Présentation de l’éditeur

Un album tendre et délicat sur la mort et toutes les questions qu’elle pose. Deux lapins et une chatte vivent heureux dans un magnifique jardin. Une nuit, Hector, le grand lapin meurt. Crème, la petite lapine, s’interroge : – Où est-ce qu’on va, quand on meurt ? – Personne ne sait, lui répond Léopoldine, la chatte, mais tout le monde se pose cette question, et tout le monde y pense. – Quand quelqu’un meurt, il nous manque tellement… – Quand quelqu’un nous manque, ça veut dire qu’on le garde près de nous. Leurs échanges permettent au lecteur de formuler des questions justes sur la mort et d’obtenir des réponses apaisantes, tournées vers la vie, vers ceux qui restent. Toutes les créatures qui meurent sont dans notre cœur et deviennent pour toujours le jardin dans lequel on vit… Ainsi, le monde entier est un jardin de créatures.

Nos commentaires

Il n’est pas aisé de parler de la mort et pourtant ce n’est pas un sujet tabou en littérature jeunesse. Il peut être question de la vieillesse ou de la maladie d’un être cher qui conduira sans nul doute à sa disparition (Edouard et Patoune) (L’étoile du soir), de la difficulté à faire son deuil (Le jardin d’Evan), du problème des rites d’enterrement et des croyances (Quand les escargots vont au ciel), de ce qui suit la mort (La fille en poils de chien). Les textes sur le deuil ou la mort imminente d’un être âgé sont le plus souvent destinés aux lecteurs les plus jeunes.
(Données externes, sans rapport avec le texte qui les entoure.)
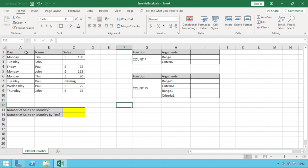Without further delay we'll jump into Excel and go through some examples. The information in our table in columns A to C will seem familiar, assuming you've seen our previous videos on sums and part one of the count video series. Below that in lines 13 and 14 we've got some questions to answer: the number of sales on a Monday, and the number of sales on a Monday made by Tim. We'll first go over to the right-hand side in columns G to I to dissect each formula into its separate parts.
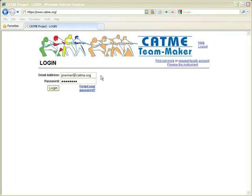Welcome to this brief overview of the functionality in the CATME and T-Maker systems. The tutorial included with our award application provides information on how to find our web-based software at https://www.catme.org.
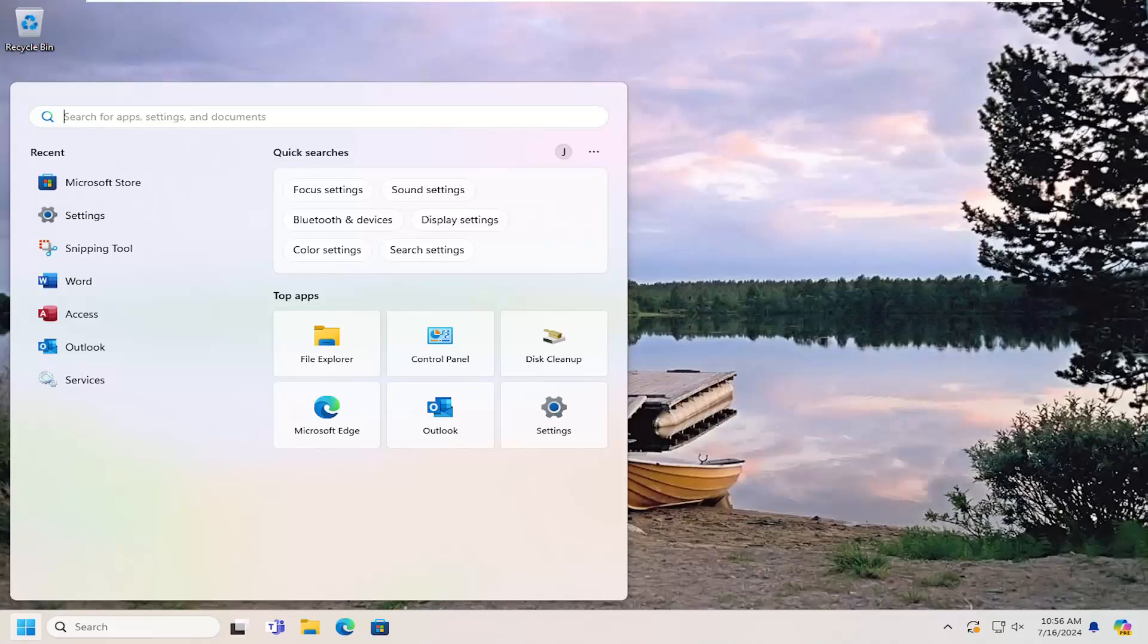In today's tutorial, I'm going to show you guys how to resolve if the Snipping Tool ruler is missing on your Windows 10 or Windows 11 computer.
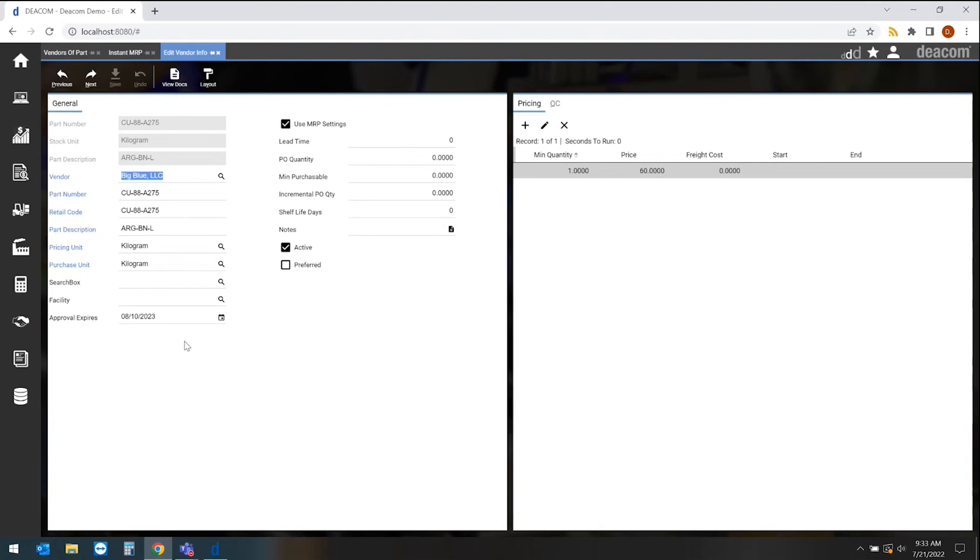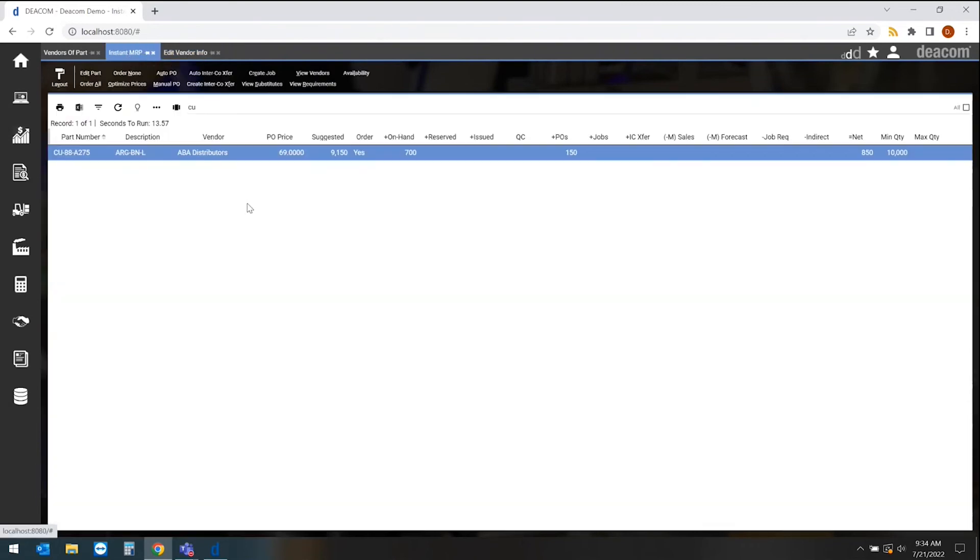We also can put in approval dates as far as when the certification for that vendor may expire within the system. And then what we're able to do as we plan for our requirements using the built-in material requirements planning tool within the DCOM software, we can identify who our preferred vendor is.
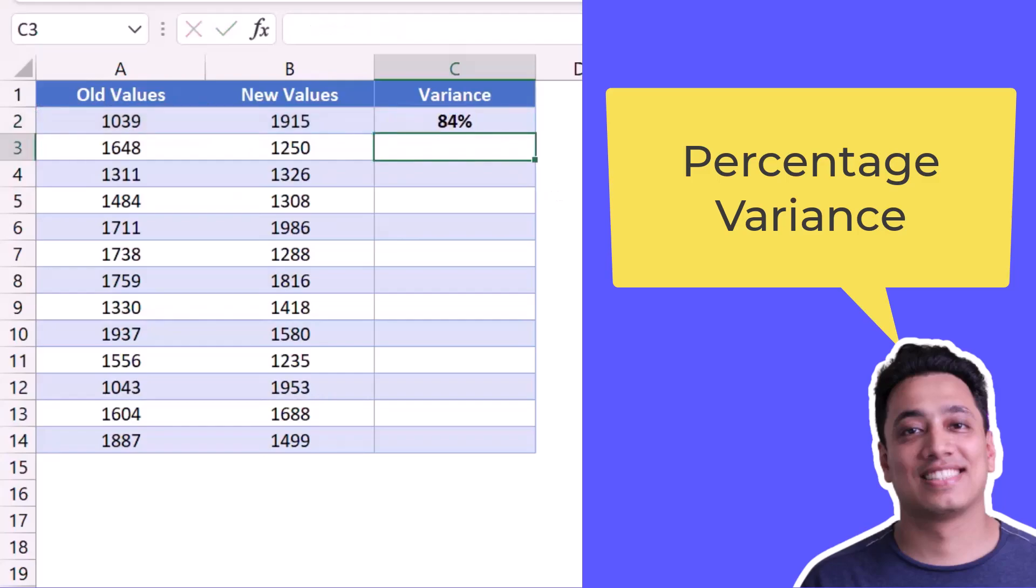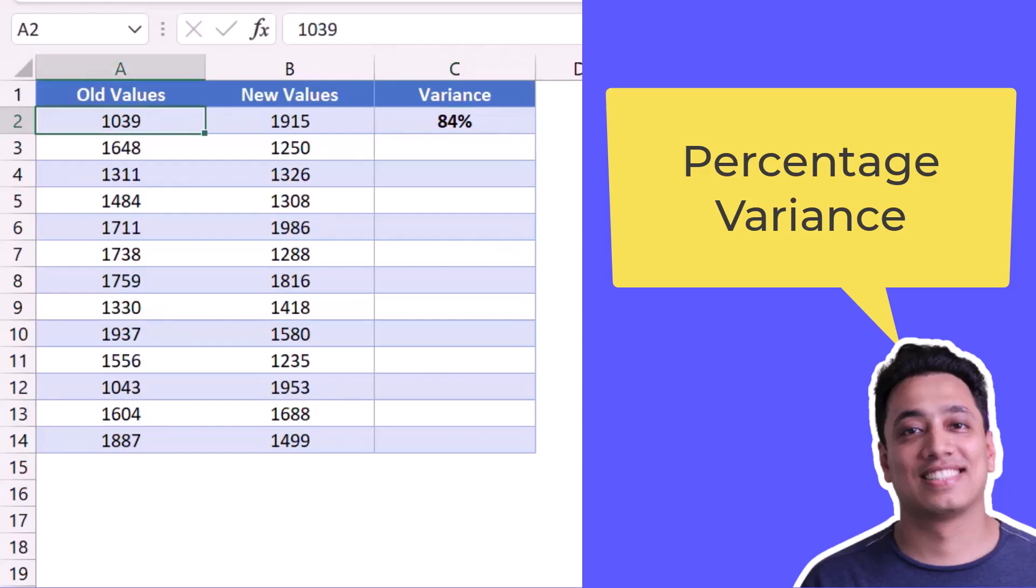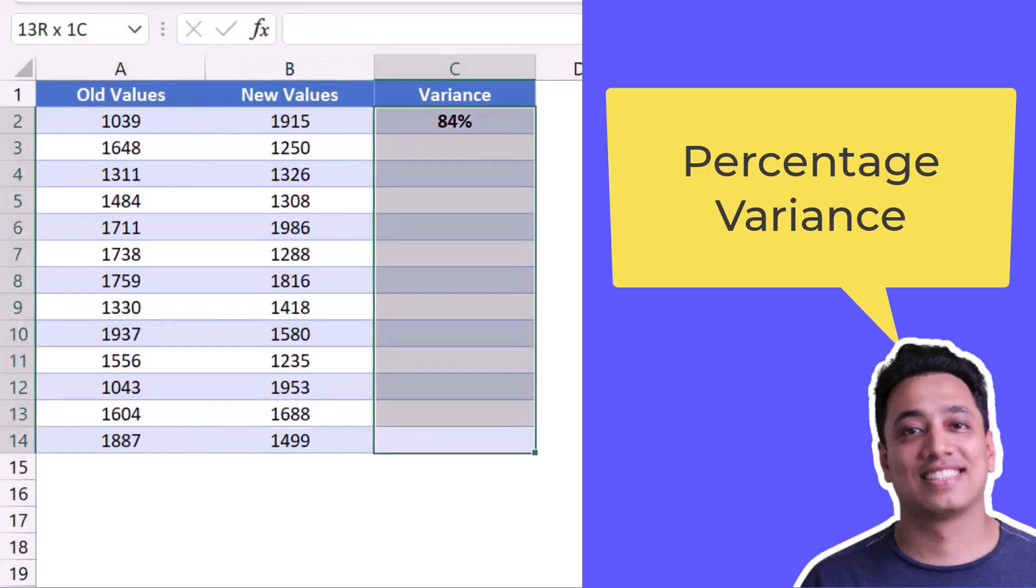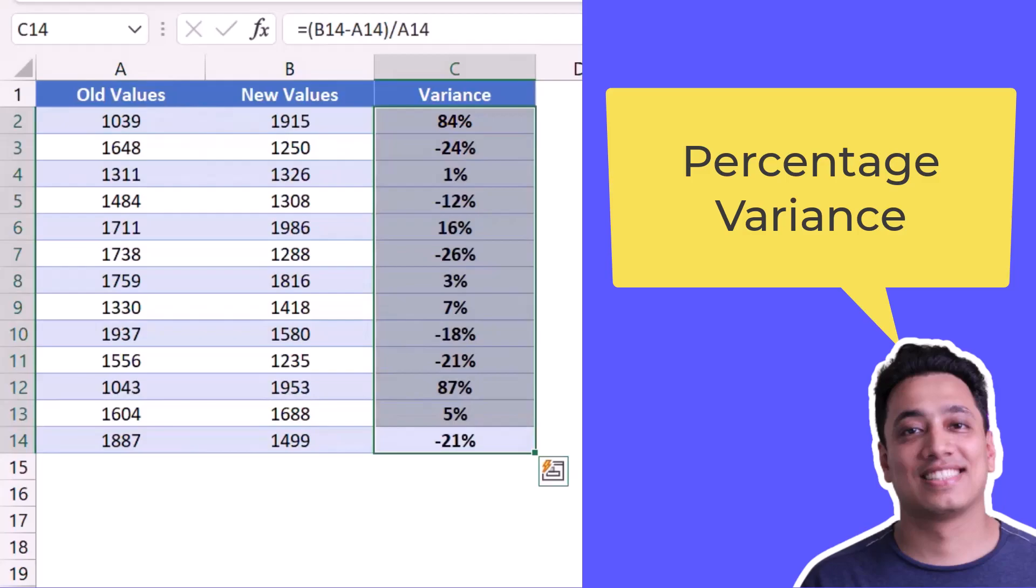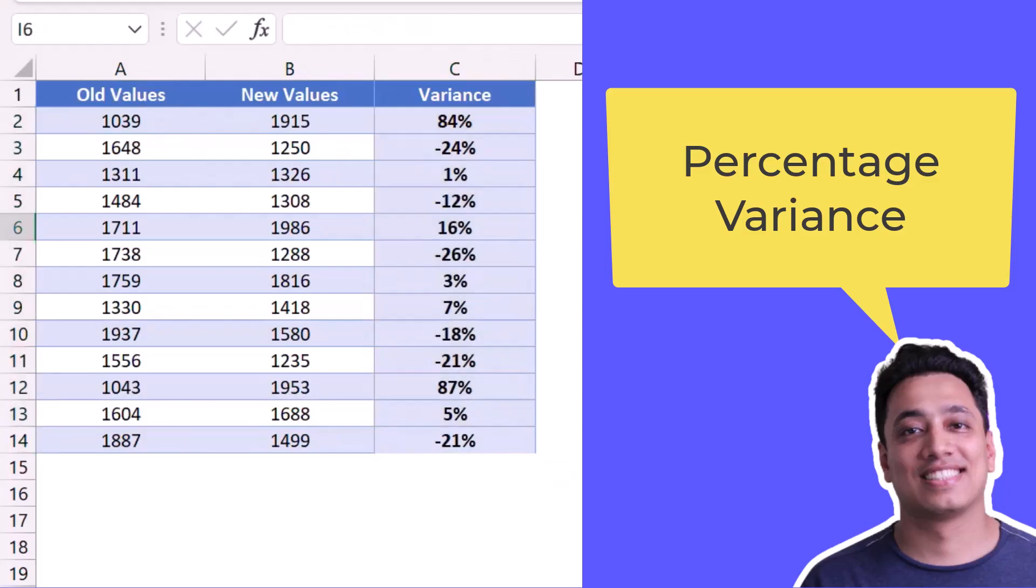And now the moment I hit enter, it gives me the percentage variance between these two values. So here 84% is the variance. That means the new value is above 84% from the old value. And now if I drag this formula, it gives me the percentage variance for all the values that I have.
Les enfants de 3 à 6/7 ans ne comprennent pas encore que la mort est irréversible mais ils perçoivent l’affaiblissement lié au vieillissement ou à la maladie et ils connaissent bien le sentiment d’attente lié à une absence prolongée. Les lecteurs plus âgés sont plus aguerris sur la notion de vivant même s’ils restent évidemment sensibles à toutes les émotions liées au deuil et à la disparition. Les histoires peuvent alors s’orienter sur les différentes croyances religieuses, mystiques, morales. Le jardin des créatures est une histoire originale qui sort des schémas habituels de narration. La question des étapes liées à la mort est secondaire. La question des croyances n’intervient pas. Il s’agit juste de se poser des questions générales sur le concept de mort, des questions que tout le monde se pose, sans jugement, sans tabou, et peut-être sans réponses précises.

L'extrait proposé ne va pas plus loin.